A mutation in the gene that makes factor VIII (FVIII), a protein that facilitates blood clots, causes Haemophilia A, a rare genetic bleeding illness. Males are primarily affected by the illness. Affected individuals bleed uncontrollably and for a more extended period than those without the illness due to this FVIII deficiency. The amount of FVIII protein an individual produces determines the severity and frequency of bleeding episodes. About 60% of all instances of severe hemophilia A are characterized by extremely tiny amounts of FVIII (less than 1% in the blood).Â
If severe Haemophilia A is not treated, it may lead to bleeding into the brain and kidneys, which can be fatal.

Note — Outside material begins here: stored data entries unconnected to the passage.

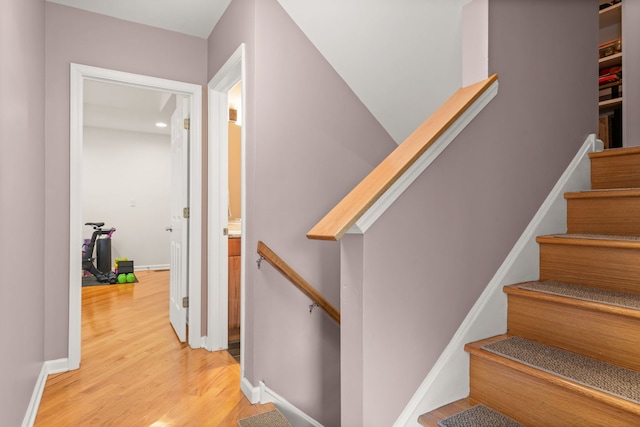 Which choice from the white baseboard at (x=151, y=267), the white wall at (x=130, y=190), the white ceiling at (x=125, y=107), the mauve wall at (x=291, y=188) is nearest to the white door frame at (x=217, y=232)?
the mauve wall at (x=291, y=188)

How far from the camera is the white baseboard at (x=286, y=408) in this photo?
207 cm

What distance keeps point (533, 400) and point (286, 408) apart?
136cm

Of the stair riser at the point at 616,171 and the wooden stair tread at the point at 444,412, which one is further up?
the stair riser at the point at 616,171

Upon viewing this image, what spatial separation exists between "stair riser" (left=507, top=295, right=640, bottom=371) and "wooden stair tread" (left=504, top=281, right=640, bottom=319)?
0.08 ft

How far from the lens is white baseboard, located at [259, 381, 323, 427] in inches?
81.7

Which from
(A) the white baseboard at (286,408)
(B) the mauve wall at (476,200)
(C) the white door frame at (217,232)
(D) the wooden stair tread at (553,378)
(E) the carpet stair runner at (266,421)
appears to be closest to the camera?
(D) the wooden stair tread at (553,378)

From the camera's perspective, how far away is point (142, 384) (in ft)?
7.58

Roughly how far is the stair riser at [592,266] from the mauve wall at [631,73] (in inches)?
70.2

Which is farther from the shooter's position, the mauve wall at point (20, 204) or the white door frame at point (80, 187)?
the white door frame at point (80, 187)

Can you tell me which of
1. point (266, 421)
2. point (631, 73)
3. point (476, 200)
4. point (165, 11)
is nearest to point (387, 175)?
point (476, 200)

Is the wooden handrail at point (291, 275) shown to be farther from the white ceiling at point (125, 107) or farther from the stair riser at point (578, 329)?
the white ceiling at point (125, 107)

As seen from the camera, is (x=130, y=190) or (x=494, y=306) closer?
(x=494, y=306)

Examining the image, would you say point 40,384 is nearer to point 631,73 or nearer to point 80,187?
point 80,187

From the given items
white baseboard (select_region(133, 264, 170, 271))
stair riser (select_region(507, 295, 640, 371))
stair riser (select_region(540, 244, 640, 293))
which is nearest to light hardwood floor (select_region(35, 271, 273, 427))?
stair riser (select_region(507, 295, 640, 371)) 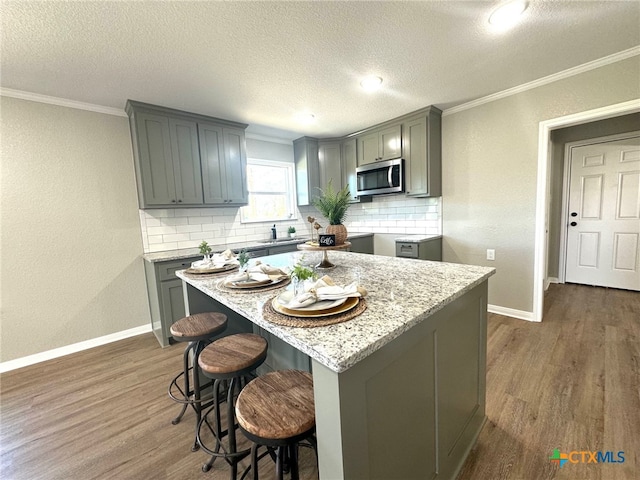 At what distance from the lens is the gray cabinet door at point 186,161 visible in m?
2.94

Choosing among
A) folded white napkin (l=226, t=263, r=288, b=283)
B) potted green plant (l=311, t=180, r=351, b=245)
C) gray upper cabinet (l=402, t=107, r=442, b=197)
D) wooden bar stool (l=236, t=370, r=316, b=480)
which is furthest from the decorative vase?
gray upper cabinet (l=402, t=107, r=442, b=197)

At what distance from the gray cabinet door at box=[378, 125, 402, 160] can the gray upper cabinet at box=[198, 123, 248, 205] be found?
1.87 m

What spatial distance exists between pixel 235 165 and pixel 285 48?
5.83ft

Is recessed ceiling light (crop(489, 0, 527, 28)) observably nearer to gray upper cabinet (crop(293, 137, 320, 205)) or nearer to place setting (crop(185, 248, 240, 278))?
place setting (crop(185, 248, 240, 278))

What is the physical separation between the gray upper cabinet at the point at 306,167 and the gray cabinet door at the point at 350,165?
1.42ft

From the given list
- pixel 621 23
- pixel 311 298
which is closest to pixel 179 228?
pixel 311 298

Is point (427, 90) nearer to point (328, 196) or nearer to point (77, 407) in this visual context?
point (328, 196)

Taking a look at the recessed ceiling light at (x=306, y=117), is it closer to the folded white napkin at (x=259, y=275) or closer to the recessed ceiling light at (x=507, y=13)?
the recessed ceiling light at (x=507, y=13)

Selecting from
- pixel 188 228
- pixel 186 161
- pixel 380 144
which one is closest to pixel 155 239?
pixel 188 228

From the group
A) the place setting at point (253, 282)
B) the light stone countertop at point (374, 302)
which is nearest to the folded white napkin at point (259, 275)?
the place setting at point (253, 282)

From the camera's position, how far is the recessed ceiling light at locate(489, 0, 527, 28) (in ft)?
5.13

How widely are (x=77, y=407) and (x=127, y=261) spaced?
4.87 feet

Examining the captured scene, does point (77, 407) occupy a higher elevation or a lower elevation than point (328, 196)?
lower

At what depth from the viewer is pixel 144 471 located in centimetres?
138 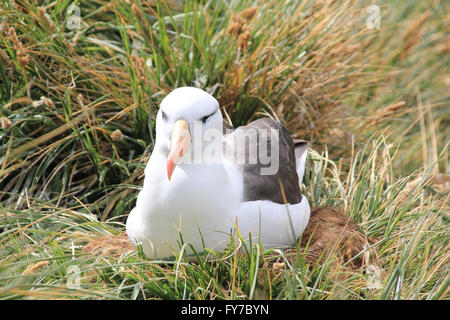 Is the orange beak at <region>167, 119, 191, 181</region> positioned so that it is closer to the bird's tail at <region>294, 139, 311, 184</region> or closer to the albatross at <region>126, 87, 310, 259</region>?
the albatross at <region>126, 87, 310, 259</region>

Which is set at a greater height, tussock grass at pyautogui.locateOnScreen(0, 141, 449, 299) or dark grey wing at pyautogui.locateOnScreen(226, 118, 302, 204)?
dark grey wing at pyautogui.locateOnScreen(226, 118, 302, 204)

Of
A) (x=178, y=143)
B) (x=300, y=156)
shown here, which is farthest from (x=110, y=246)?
(x=300, y=156)

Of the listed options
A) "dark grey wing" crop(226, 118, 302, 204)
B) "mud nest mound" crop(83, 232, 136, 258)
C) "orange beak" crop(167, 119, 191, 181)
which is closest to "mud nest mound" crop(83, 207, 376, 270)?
"mud nest mound" crop(83, 232, 136, 258)

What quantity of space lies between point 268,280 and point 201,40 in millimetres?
2003

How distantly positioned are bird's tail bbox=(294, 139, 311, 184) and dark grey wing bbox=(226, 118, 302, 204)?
0.24m

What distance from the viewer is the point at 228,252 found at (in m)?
2.61

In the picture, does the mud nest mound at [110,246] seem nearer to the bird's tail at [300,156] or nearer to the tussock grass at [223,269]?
the tussock grass at [223,269]

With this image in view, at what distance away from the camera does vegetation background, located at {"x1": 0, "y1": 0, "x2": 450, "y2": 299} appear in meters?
2.57

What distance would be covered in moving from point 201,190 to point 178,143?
32 centimetres

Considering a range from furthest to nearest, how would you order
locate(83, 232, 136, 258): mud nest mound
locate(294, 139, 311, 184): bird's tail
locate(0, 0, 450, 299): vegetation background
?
1. locate(294, 139, 311, 184): bird's tail
2. locate(83, 232, 136, 258): mud nest mound
3. locate(0, 0, 450, 299): vegetation background

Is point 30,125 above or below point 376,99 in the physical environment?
below

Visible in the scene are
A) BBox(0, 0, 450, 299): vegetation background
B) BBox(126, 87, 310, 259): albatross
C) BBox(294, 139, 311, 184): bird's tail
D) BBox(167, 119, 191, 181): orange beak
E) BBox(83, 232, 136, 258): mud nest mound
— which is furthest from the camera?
BBox(294, 139, 311, 184): bird's tail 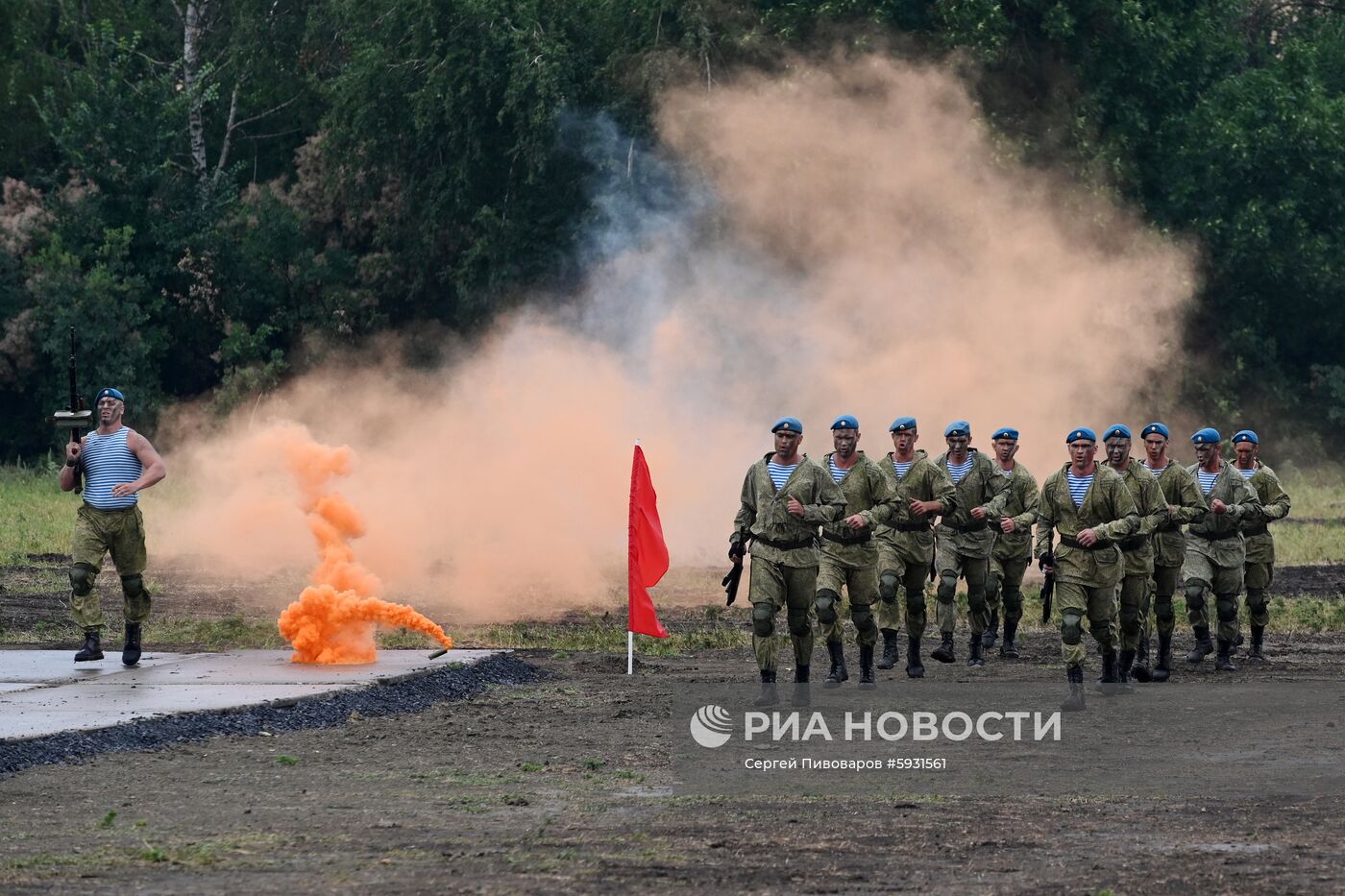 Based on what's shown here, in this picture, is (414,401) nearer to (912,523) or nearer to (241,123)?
(241,123)

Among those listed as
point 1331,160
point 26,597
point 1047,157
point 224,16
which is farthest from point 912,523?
point 224,16

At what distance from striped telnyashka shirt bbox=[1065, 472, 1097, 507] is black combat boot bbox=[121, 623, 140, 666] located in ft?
21.4

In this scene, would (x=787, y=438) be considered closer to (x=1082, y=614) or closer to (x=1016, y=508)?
(x=1082, y=614)

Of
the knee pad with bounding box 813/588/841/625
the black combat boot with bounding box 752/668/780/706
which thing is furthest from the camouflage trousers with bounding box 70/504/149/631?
the knee pad with bounding box 813/588/841/625

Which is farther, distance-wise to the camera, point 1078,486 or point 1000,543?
point 1000,543

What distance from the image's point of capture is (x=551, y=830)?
8766 millimetres

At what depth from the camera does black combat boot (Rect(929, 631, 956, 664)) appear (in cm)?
1620

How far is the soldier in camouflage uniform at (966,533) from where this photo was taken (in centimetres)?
1647

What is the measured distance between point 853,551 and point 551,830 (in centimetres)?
590

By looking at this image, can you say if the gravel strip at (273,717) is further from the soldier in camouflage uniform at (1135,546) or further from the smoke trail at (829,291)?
the smoke trail at (829,291)

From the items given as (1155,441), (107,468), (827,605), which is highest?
(1155,441)

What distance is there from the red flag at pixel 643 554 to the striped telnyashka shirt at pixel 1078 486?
2.94m

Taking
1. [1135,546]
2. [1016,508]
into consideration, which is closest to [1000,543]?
[1016,508]

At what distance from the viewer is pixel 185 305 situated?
41.4 m
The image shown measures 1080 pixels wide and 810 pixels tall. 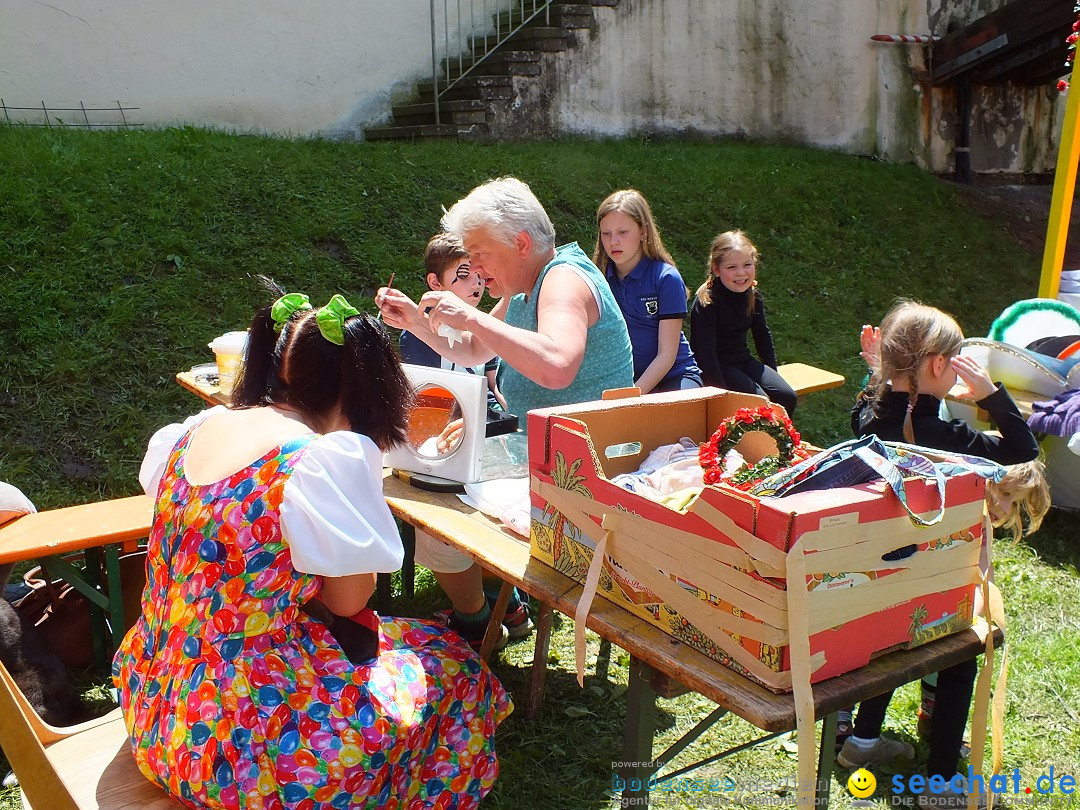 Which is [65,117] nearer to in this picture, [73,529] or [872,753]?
[73,529]

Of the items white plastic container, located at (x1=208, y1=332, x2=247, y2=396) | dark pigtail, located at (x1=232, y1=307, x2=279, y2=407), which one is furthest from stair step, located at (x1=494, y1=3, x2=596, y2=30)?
dark pigtail, located at (x1=232, y1=307, x2=279, y2=407)

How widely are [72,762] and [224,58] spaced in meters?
6.81

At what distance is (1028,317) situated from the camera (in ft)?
14.4

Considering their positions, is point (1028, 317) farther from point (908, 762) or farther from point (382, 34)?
point (382, 34)

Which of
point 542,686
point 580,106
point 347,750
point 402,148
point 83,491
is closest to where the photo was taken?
point 347,750

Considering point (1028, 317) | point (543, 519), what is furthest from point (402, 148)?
point (543, 519)

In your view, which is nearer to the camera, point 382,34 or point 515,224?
point 515,224

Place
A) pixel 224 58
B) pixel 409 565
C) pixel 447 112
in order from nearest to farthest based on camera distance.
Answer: pixel 409 565 → pixel 224 58 → pixel 447 112

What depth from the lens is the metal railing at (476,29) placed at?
324 inches

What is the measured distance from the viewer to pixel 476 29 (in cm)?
848

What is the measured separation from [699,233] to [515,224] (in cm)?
526

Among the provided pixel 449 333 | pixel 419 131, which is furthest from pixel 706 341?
pixel 419 131

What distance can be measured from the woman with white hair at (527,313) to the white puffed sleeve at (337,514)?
559 mm

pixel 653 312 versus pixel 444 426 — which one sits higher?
pixel 653 312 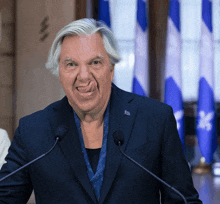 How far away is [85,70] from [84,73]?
11mm

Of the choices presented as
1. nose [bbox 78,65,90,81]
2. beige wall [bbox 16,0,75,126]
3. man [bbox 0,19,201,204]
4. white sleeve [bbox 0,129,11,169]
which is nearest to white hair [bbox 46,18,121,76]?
man [bbox 0,19,201,204]

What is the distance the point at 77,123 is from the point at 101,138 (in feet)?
0.35

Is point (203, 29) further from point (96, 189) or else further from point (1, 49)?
point (96, 189)

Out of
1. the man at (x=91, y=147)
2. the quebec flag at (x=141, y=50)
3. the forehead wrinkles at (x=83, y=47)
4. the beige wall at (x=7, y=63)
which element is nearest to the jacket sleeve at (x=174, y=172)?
the man at (x=91, y=147)

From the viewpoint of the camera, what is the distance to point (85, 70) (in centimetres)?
90

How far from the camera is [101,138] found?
1020 mm

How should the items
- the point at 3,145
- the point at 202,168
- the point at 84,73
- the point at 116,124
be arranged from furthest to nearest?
1. the point at 202,168
2. the point at 3,145
3. the point at 116,124
4. the point at 84,73

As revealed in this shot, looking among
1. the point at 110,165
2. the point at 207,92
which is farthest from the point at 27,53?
the point at 110,165

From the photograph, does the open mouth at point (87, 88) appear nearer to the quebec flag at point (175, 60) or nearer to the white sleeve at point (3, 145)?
the white sleeve at point (3, 145)

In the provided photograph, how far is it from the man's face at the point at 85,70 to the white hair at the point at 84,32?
0.05 ft

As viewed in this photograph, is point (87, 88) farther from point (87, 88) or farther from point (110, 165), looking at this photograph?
point (110, 165)

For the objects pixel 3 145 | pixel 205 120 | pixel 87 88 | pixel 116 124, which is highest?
pixel 87 88

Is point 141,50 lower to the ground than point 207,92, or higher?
higher

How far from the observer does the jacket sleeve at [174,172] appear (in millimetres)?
888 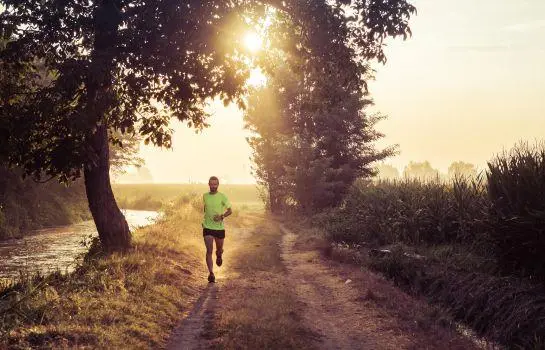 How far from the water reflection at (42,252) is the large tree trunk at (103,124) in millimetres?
737

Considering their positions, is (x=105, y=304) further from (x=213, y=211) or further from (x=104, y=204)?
(x=104, y=204)

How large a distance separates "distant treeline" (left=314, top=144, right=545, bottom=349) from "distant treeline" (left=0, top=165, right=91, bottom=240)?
19.4 meters

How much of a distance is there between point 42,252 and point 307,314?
14.5 metres

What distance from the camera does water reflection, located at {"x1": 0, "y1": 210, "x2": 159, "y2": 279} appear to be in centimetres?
1591

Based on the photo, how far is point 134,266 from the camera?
12.1 m

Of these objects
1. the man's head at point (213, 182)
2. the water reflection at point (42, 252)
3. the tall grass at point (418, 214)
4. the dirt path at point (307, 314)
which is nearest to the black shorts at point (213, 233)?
the man's head at point (213, 182)

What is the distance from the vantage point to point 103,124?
13.5m

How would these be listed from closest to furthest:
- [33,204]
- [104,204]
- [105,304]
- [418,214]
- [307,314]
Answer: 1. [105,304]
2. [307,314]
3. [104,204]
4. [418,214]
5. [33,204]

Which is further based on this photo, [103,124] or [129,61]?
[103,124]

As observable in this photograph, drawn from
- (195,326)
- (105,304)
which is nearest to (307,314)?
(195,326)

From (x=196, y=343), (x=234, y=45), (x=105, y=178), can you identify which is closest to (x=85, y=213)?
(x=105, y=178)

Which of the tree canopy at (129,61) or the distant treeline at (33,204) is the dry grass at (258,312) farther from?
the distant treeline at (33,204)

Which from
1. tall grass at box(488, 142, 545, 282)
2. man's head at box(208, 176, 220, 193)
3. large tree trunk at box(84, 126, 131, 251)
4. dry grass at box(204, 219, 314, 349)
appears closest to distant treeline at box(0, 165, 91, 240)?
large tree trunk at box(84, 126, 131, 251)

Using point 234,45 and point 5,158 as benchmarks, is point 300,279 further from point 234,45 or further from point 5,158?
point 5,158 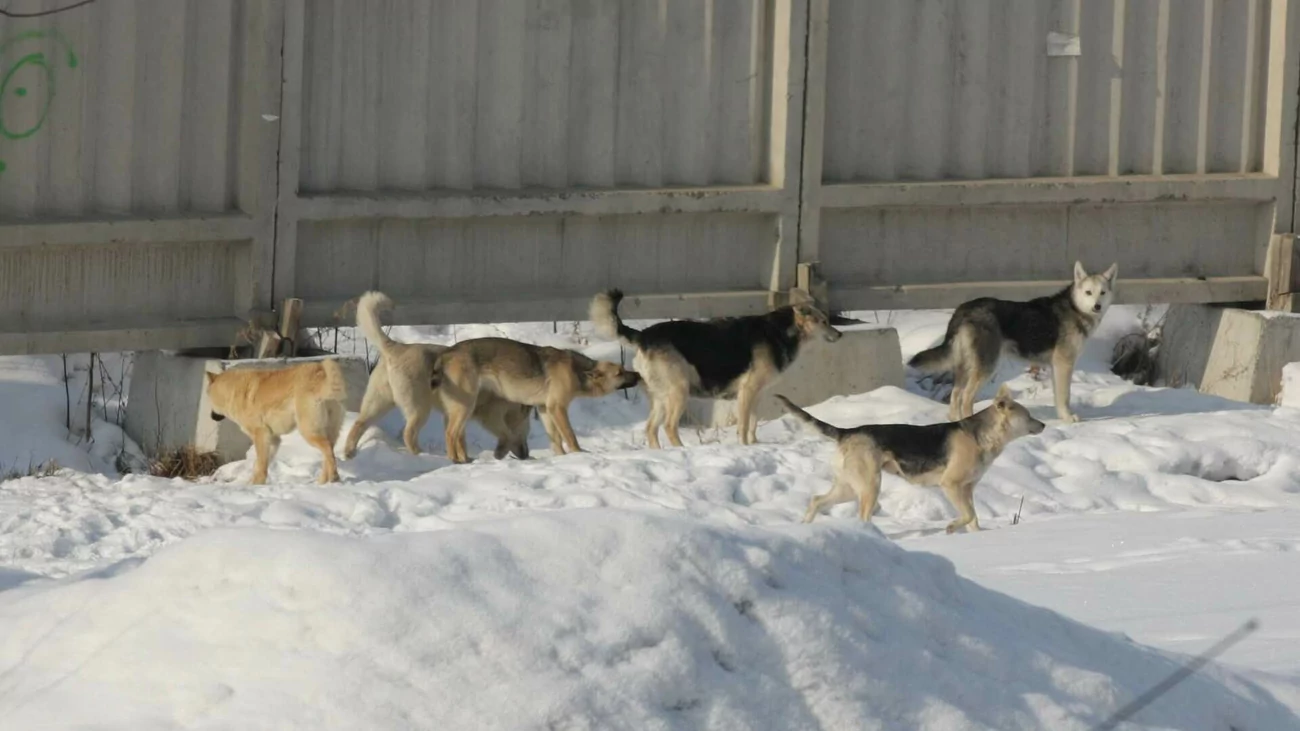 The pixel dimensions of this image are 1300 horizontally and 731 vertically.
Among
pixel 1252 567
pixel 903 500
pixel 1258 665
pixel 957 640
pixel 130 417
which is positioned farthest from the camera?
pixel 130 417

FVIII alternative therapy or an antibody-based drug is frequently used to treat severe Haemophilia A to increase blood clotting and decrease bleeding risk. To treat adults with severe Haemophilia A who do not already have antibodies to adeno-associated virus serotype five discovered by an FDA-approved test, the U.S. Food and Drug Administration has approved Roctavian, an adeno-associated viral vector-based gene therapy.Â
The bleeding disorder hereditary Haemophilia A has the potential to be quite dangerous. The increased risk of uncontrolled bleeding in severe Haemophilia A cases can result in potentially fatal health problems, according to Peter Marks, M.D., Ph.D., head of the FDA’s Centre for Biologics Evaluation and Research. “Today’s approval represents a significant step forward in the availability of treatment options for people with this bleeding disorder, and gene therapy may help patients avoid the need for ongoing routine therapy,”Â
A single intravenous infusion is used to provide the gene therapy drug Roctavian. A viral vector in Roctavian carries the clotting factor VIII gene. The gene is expressed in the liver to raise blood levels of FVIII and lower the danger of uncontrolled bleeding.Â
In a multi-nation research, adult men between 18 and 70 with severe hemophilia A who had previously received Factor VIII replacement therapy had their safety and efficacy with Roctavian assessed. Findings from a cohort study group of 112 patients monitored for at least three years following Roctavian medication were used to determine effectiveness.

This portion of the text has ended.